To be fair, that's a personal preference as well. For e.g. some people prefer
reading code with symbols (&&, ||) than English keywords (and, or). Also, I
have seen people from a C/C++ or Java background find JS easier to read than
CS.

------
lloeki
> Simple grammar ... verbs do not conjugate differently ... This made me
> wonder about all those complicated grammar rules

It reminds me that Japanese has a very simple grammar regarding verbs.

There are very few, clearly identifiable groups based on suffix (I seem to
recall it's three groups ~u, ~iru/~eru and irregulars), they are basically
invariable, and have only two tense, past and present (plus each having a
negative form). Time is more often than not purely contextual. Going even
farther, subjects and objects are often omitted altogether,adding to the
context you have to maintain. Also, there are only two irregular verbs (kuru
and suru).

It's a bliss when you talk to someone and only a few words can bear a lot of
meaning (no S) thanks to the context. At some point it feels like perl :-)

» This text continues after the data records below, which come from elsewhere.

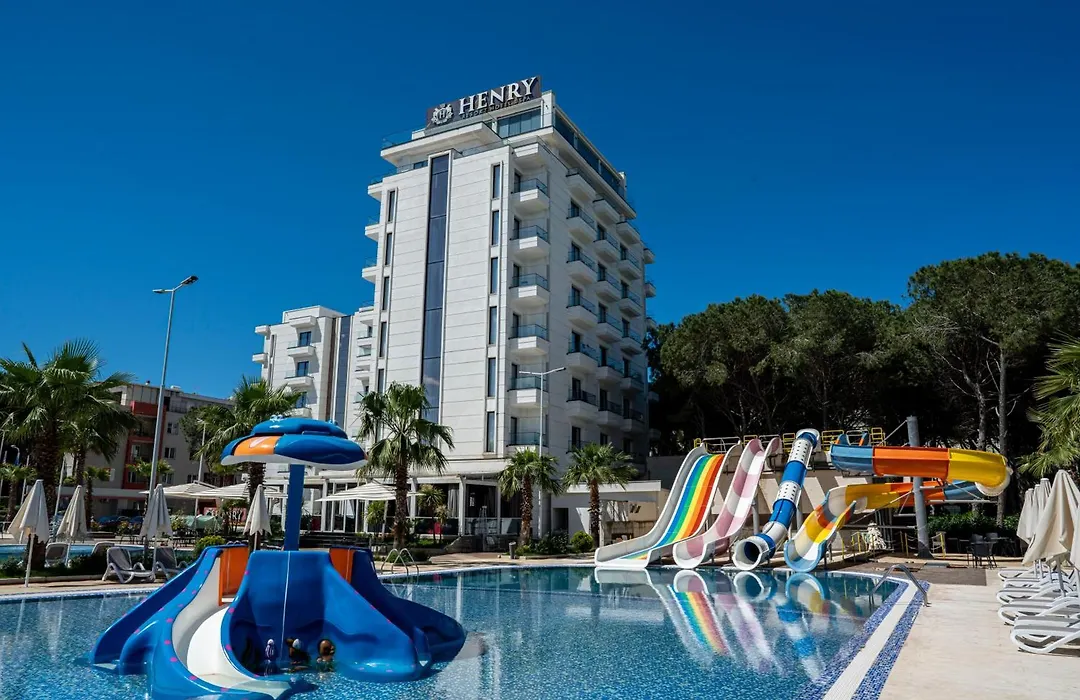 Henry Resort & Spa-1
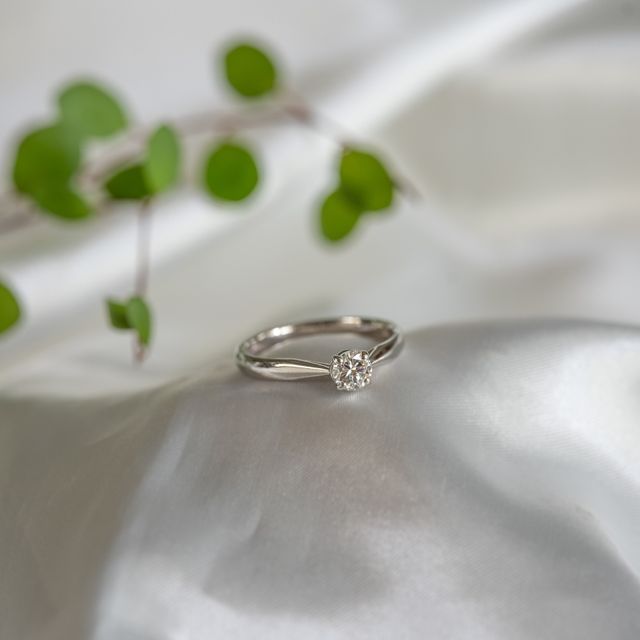 【Cayof(カヨフ)の口コミ】 購入済みの結婚指輪との重ねづけ相性を考えてデザインしてくださいました…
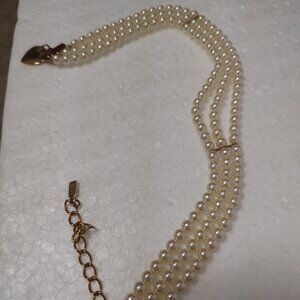 TRIPLE STRAND FAUX PEARL BRACELET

Now you might think that japanese got it right but then you learn to count
stuff and holy cow you're in for a brainfuck as numbering things vary
depending on _what_ you're counting. Yay. But if it was too easy it wouldn't
be so charming :-)

------
trustfundbaby
_It can help Ruby developers to get going with Javascript because of its
similar syntax, and it takes care of some of the bad parts in the language_

I've been watching the coffeescript bandwagon pick up passengers for a while
now, but I simply am not convinced that creating a 'language' to simplify or
'improve' another one is a smart thing to do. Maybe on a team that has all
Ruby developers this could fly, but now you make it hard to add pure
javascript developers to your team without them first getting caught up on
your way of doing things.

And then to make things even more tedious, you make it compile to original
javascript, an interpreted language. It just reminds me of how Rails initially
tried to bake ajax into its way of doing things initially (and has since
stopped ... but now we have to support that mess). If the top devs in our
field are using it, then there's got to be some merit to it ... but I gotta
say, it really doesn't seem all that clever to me.

------
kokey
I spoke only Afrikaans for the first 6 years of my life. The simplification
still affects me when speaking English, mainly the examples mentioned in the
article, especially with regards to tenses. I still sometimes make mistakes
with 'do/does', 'was/were', etc.

------
perfunctory
I like the analogy but I don't think it's correct. CoffeeScript is not a
simplified JavaScript. On the contrary. It adds more syntactic and semantic
rules.

------
instakill
Ek dink nie so nie, boet.

------
Muzza
The analogy is good, but there are parts of Afrikaans which are more complex
than Dutch. Conjugating an adjective or negating a sentence, for instance. Are
there parallels in CoffeeScript?